1,500 dogs die from tainted feed in China
After baby milk food scandal China's products have been under intense scrutiny all over the world. High levels of industrial toxins were found last year in exports ranging from toothpaste to toys. The milk scandal has resulted in recalls and the blocking of Chinese imports in numerous countries denting hard earned image of China.
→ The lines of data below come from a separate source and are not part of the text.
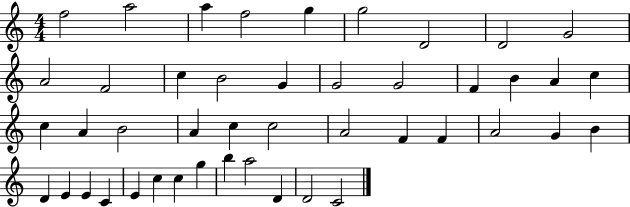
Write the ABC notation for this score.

X:1
T:Untitled
M:4/4
L:1/4
K:C
f2 a2 a f2 g g2 D2 D2 G2 A2 F2 c B2 G G2 G2 F B A c c A B2 A c c2 A2 F F A2 G B D E E C E c c g b a2 D D2 C2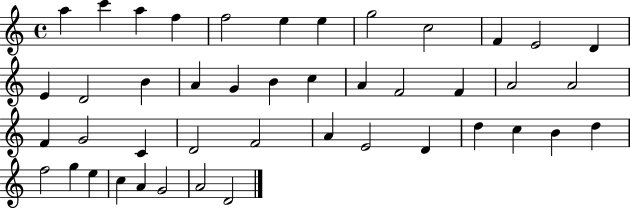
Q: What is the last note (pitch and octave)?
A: D4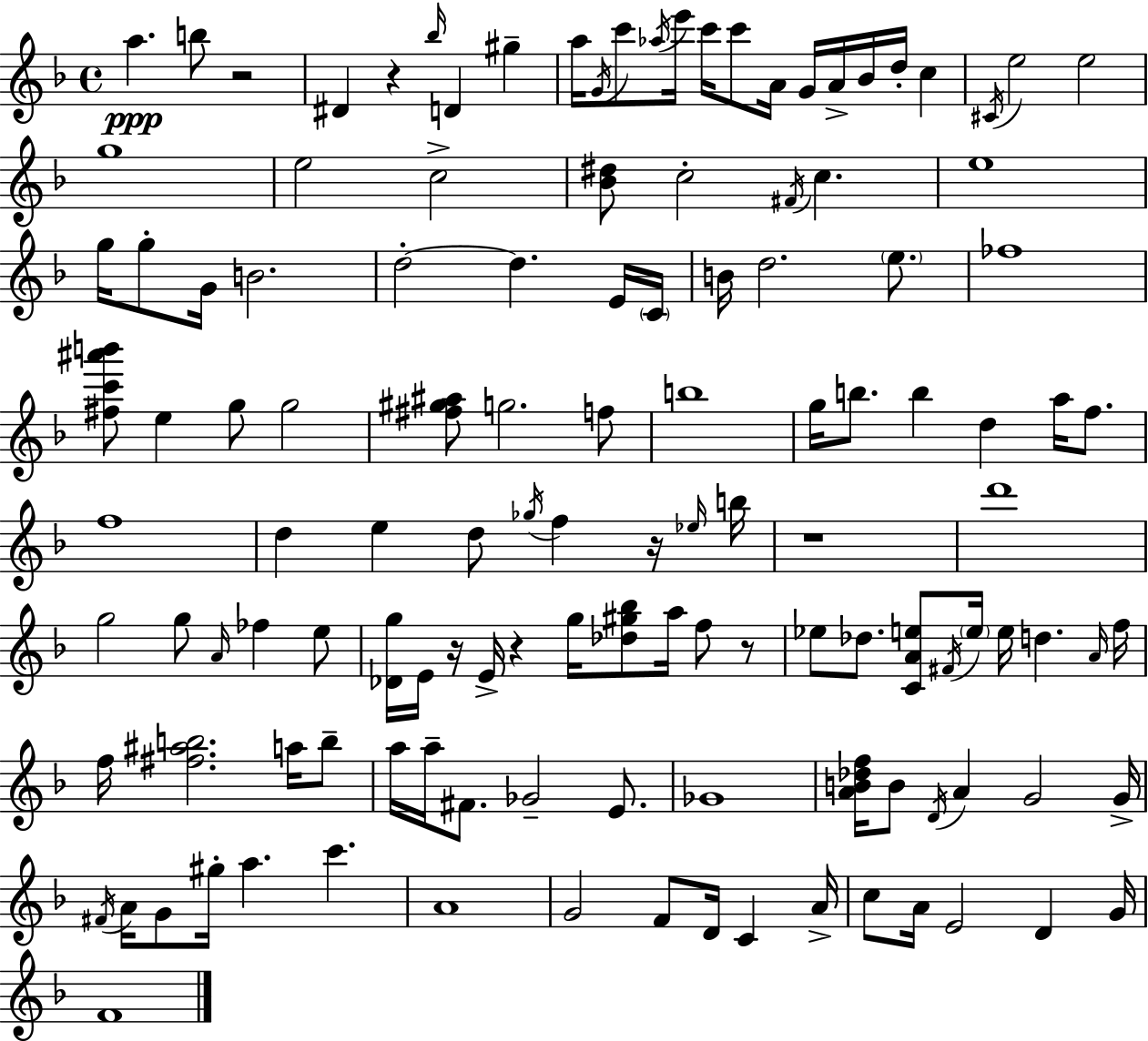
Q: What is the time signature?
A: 4/4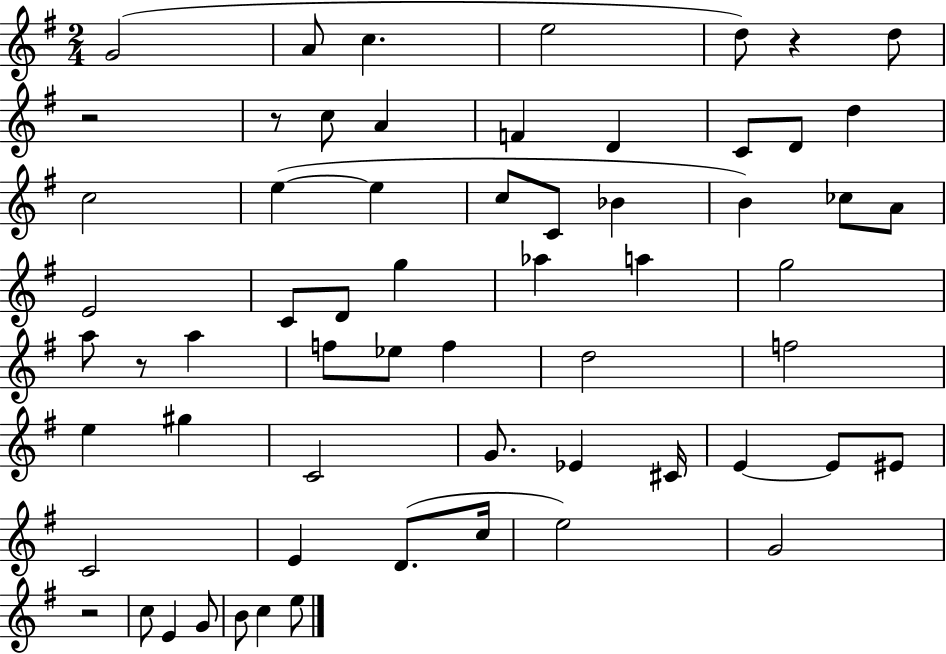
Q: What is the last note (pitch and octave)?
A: E5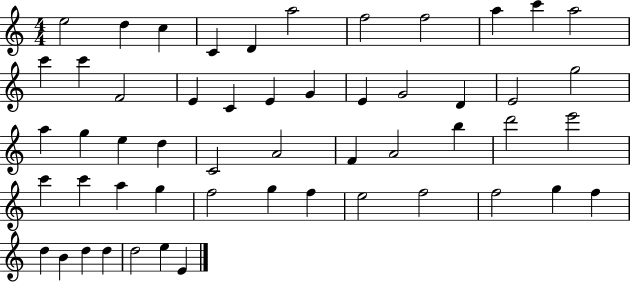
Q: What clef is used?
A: treble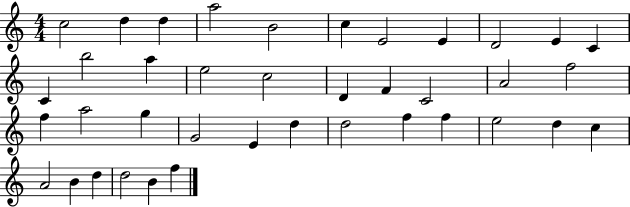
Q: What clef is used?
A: treble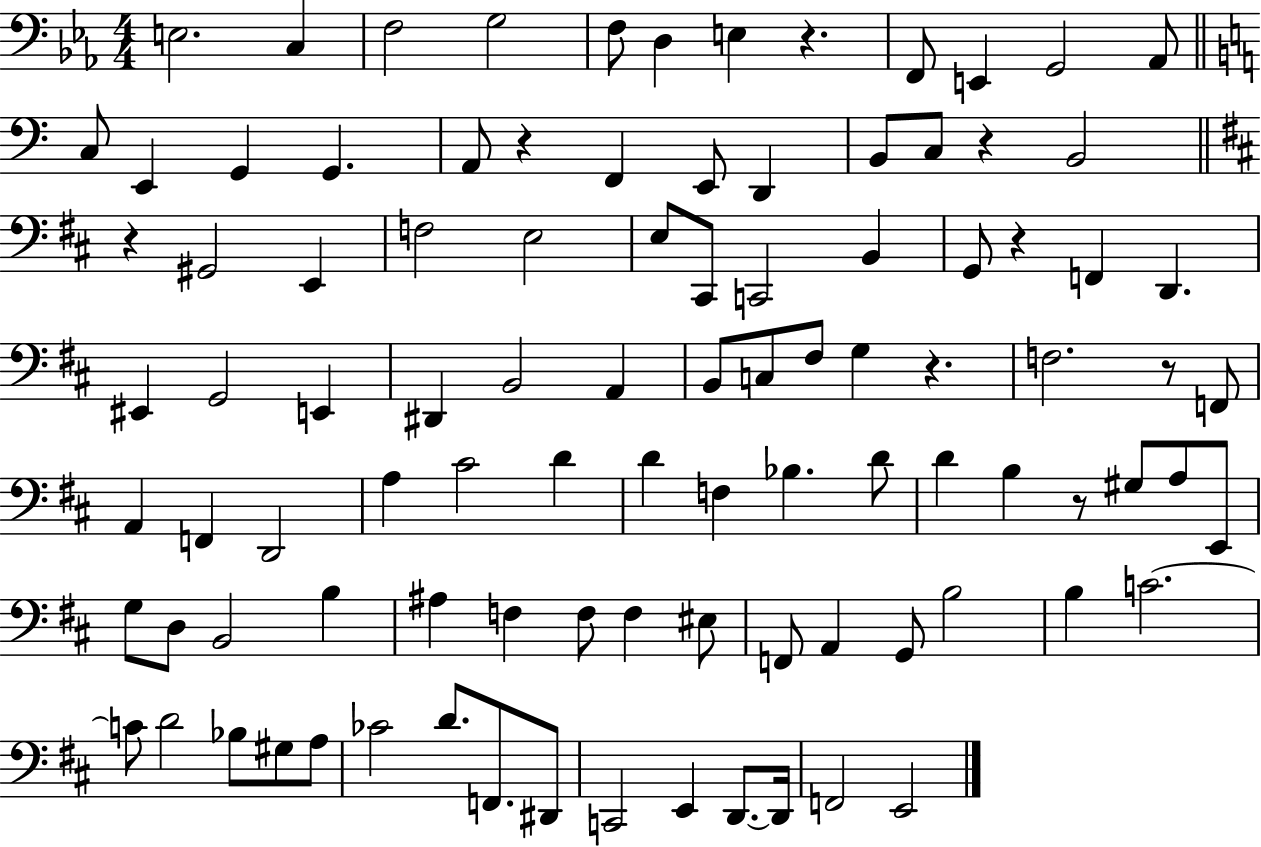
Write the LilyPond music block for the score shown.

{
  \clef bass
  \numericTimeSignature
  \time 4/4
  \key ees \major
  e2. c4 | f2 g2 | f8 d4 e4 r4. | f,8 e,4 g,2 aes,8 | \break \bar "||" \break \key a \minor c8 e,4 g,4 g,4. | a,8 r4 f,4 e,8 d,4 | b,8 c8 r4 b,2 | \bar "||" \break \key d \major r4 gis,2 e,4 | f2 e2 | e8 cis,8 c,2 b,4 | g,8 r4 f,4 d,4. | \break eis,4 g,2 e,4 | dis,4 b,2 a,4 | b,8 c8 fis8 g4 r4. | f2. r8 f,8 | \break a,4 f,4 d,2 | a4 cis'2 d'4 | d'4 f4 bes4. d'8 | d'4 b4 r8 gis8 a8 e,8 | \break g8 d8 b,2 b4 | ais4 f4 f8 f4 eis8 | f,8 a,4 g,8 b2 | b4 c'2.~~ | \break c'8 d'2 bes8 gis8 a8 | ces'2 d'8. f,8. dis,8 | c,2 e,4 d,8.~~ d,16 | f,2 e,2 | \break \bar "|."
}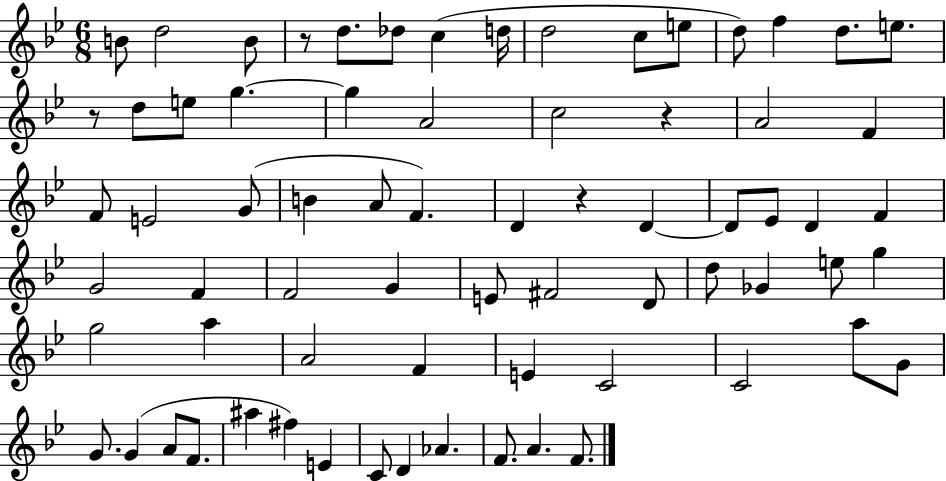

Now a new story has come out about tainted dog feed killing more than 1500 dogs.
Some 1,500 dogs bred for their raccoon-like fur have died after eating feed tainted with melamine, raising questions about how widespread the industrial Chemical is in China's food chain.
The revelation comes amid a crisis over dairy products tainted with melamine that has caused kidney stones in tens of thousands of Chinese children and has been linked to the deaths of four infants.
The raccoon dogs a breed native to east Asia whose fur is used to trim coats and other clothing died of kidney failure after eating the tainted feed, Zhang Wenkui, a veterinary professor at Shenyang Agriculture University, said yesterday.
"First, we found melamine in the dogs' feed, and second, I found that 25% of the stones in the dogs' kidneys were made up of melamine," said Zhang, who performed a necropsy an animal autopsy on about a dozen dogs.
Zhang declined to say when the deaths occurred but a report yesterday in the Southern Metropolis Daily said they had been over the past two months.
In the ongoing tainted milk scandal, which has been linked to the deaths of four babies, melamine was said to be added to watered-down milk to artificially boost nitrogen levels, making products seem higher in protein when tested. Some 54,000 children were also sickened.
The animal deaths were also a reminder of last year's uproar over a Chinese-made pet food ingredient containing melamine that was linked to the deaths of dozens of dogs and cats in the United States.